Kids in the kitchen: savvy shopping

Categories: Expert guidance

In her latest series, Borough Market demonstration chef and author of Cool Kids Cook Jenny Chandler shares her tips on getting kids involved in the kitchen: this week, she talks about how to turn a food shop into a fun and educational experience

The very idea of shopping with children usually conjures up visions of toddlers flailing around in the front of supermarket trolleys or bored kids pleading endlessly for dodgy, processed snacks. Sadly, stocking up with essentials such as soap powder, toilet paper, dog food or bin bags will always be a chore—but buying food can be quite a different business.

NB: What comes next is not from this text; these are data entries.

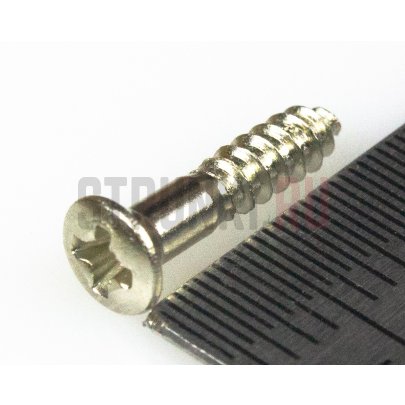 HOSCO PS-08N, саморез для панелей и рамок звукоснимателя (2.4 x 13 мм), никель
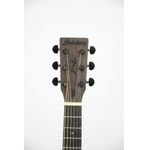 Violao-Eletroacustico-Forest-FS-2B-TOS---Strinberg-4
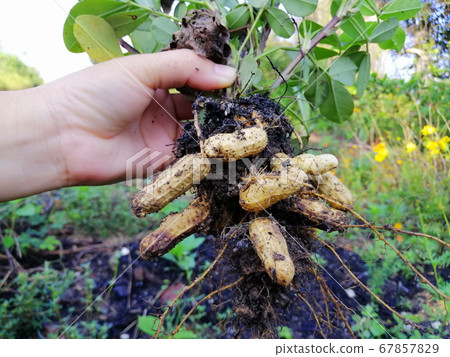 peanut agriculture plantation peanut agriculture plantation 67857829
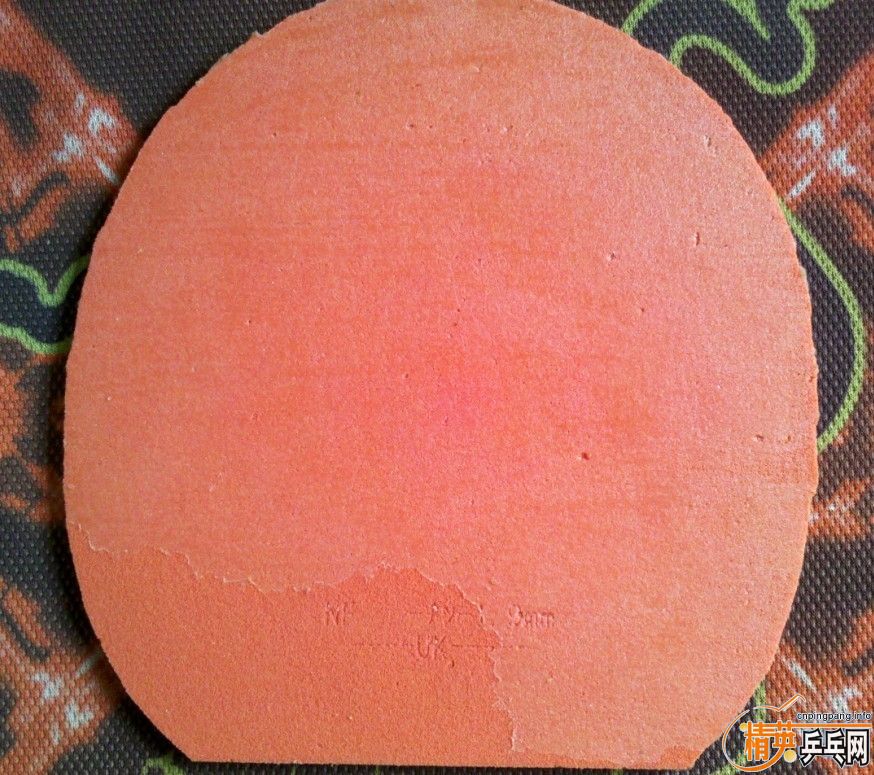 ���׽�05FX����������JP01����������רҵ��ѵ����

Children can be surprisingly adventurous when they are excited and engaged with their food. As a toddler, my daughter’s favourite place to shop was the fish counter with its fresh seaside smell, the extraordinary looking crustaceans piled on ice, lustrous fish of every shape and size, and the ruddy-faced fishmonger who knew her by name. We’d take our time choosing while we found out where the fish had come from and how best to cook it. I sometimes arrived with a certain fish in mind, only to be wisely led to another, often more economical, choice.

Imi was fascinated to watch as the fish was gutted and scaled and we’d usually bring home a little something new to taste too; one of the many perks of this kind of shopping is that you can buy just one razor clam or a lone sardine to give it a try. A decade on and I still visit my fishmonger regularly and Imi still adores her fish.

Rewarding and educational
Nowadays parents seem to be constantly seeking ways to entertain their kids at weekends and holidays, often forgetting that visiting a market or good food stall can be just as rewarding and educational as a trip to the museum. As soon as children are old enough to make decisions, it’s key to get them fully involved in the shopping—just try to make it fun.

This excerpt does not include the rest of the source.